If you only use this for dividing with numbers less than 128 the carry
detection on the shift can be removed to save an extra 16 clock cycles
and removed some extra code. If rounding is not needed then the loop
count can be reduced by 1 and a few words of ROM can be removed, saving
about 14 cycles (a little restructuring will be needed to get the last
bit saved).


; Routine : Div16x8
; Purpose : Does a divide of a 16-bit number by an 8-bit number to
return
;           a rounded 8-bit number. If the output overflows an 8-bit
value
;           the maximum value of 0xFF will be returned. This is normally
;           intended to be used as a fractional divide routine.
; Inputs :  Acc -- 16-bit number to be divided. LSB first. For
fractional
;             divide set high byte to data and set low byte to zero.
;           w -- divisor. No zero allowed!
; Returns : W -- results, rounded.
;           Acc -- low byte contains unrounded result.
; Globals : DivCntr -- a counter variable used as a loop count.
; Calls   : none
; Notes   :
; Timing  : 124 clock cycles worst case, using short call.

Div16x8
    ; load our counter with number of bits to divide, 9. Do without
    ; corrupting our divider which is in w.
    clrf DivCntr      ; make it zero.
    bsf DivCntr,3     ; now set bit three to make it 8.
    bsf DivCntr,0     ; make it 9, one extra shift needed.
    ; first see if our input number is in range of a 16-bit result
    subwf Acc+1,f     ; do an initial subtract. expect borrow.
    skpz              ; if zero.
       skpnc          ; or borrow.
    goto Dv16_4       ; use saturated return.
    addwf Acc+1,f     ; restore the value.
    clrc              ; clear carry for initial rotate.
    ; main loop, do this for each bit. Shift is done one extra time to
get
    ; set for initial compare.
Dv16_2
        rlf Acc,f      ; multiply Acc by 2. Shift in new bit.
        rlf Acc+1,f    ; both bytes.
        ; test for carry on shift up.
        bc Dv16_5      ; handle overflow.
        ; test.
        subwf Acc+1,f  ; do a subtract.
        bc Dv16_3      ; branch if no borrow
           ; Had a borrow, adjust.
           addwf Acc+1,f  ; restore accumulator.
           clrc    ; clear carry, indicate a borrow occured.
Dv16_3
        decfsz DivCntr,f  ; update counter, loop if not done.
        goto Dv16_2   ; loop until done.
    ; results are in Acc low bits. Carry is set if should round up.
    movf Acc,w     ; get results in W.
    skpc           ; if no carry return unrounded value.
    return         ; done, return value in W.
    ; round, if overflow return saturated value.
    incfsz Acc,w    ; update low byte.
    return          ; if not zero then return.

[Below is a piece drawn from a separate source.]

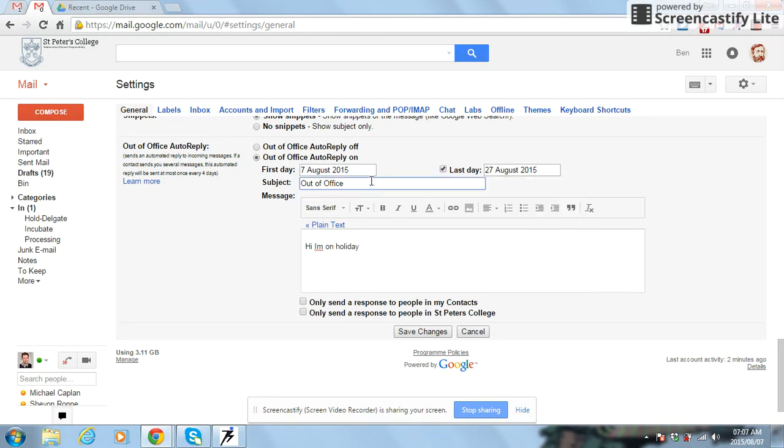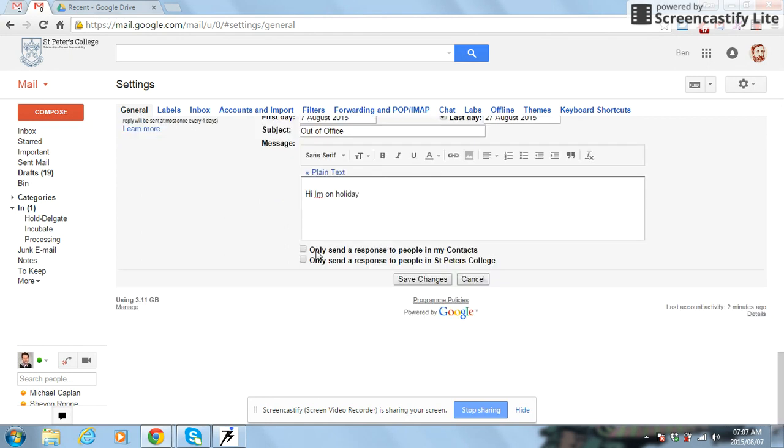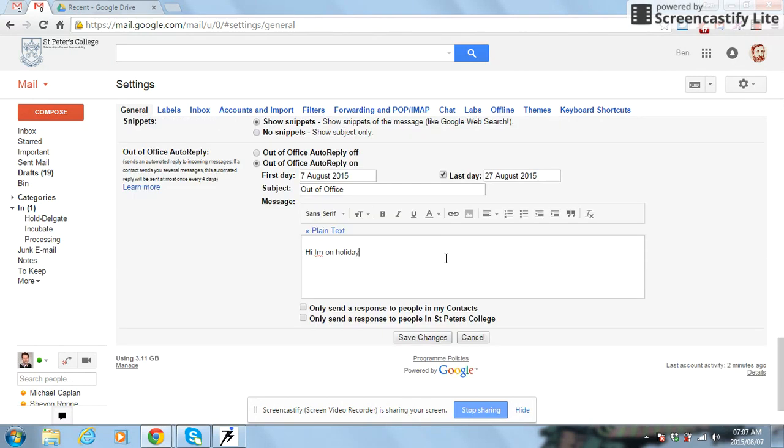You want to throw in a little subject over there and put in a little message, something a little bit more elaborate than that. You don't need to tick any of these boxes over here because you want it to go to everybody that sent you an email during that time.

    ; the output overflowed on rounding, return max value.
Dv16_4  ; output saturated, return a 0xFFFF.
    movlw 0xFF    ; Result = 0xFF
    movwf Acc     ; set "unrounded" result.
    return        ; and return the rounded version.

Dv16_5 ; overflow on shift, subtract no mater what!
    subwf Acc+1,f   ; do the subtract.
    setc     ; carry is always set here.
    goto Dv16_3    ; update things.

Chip.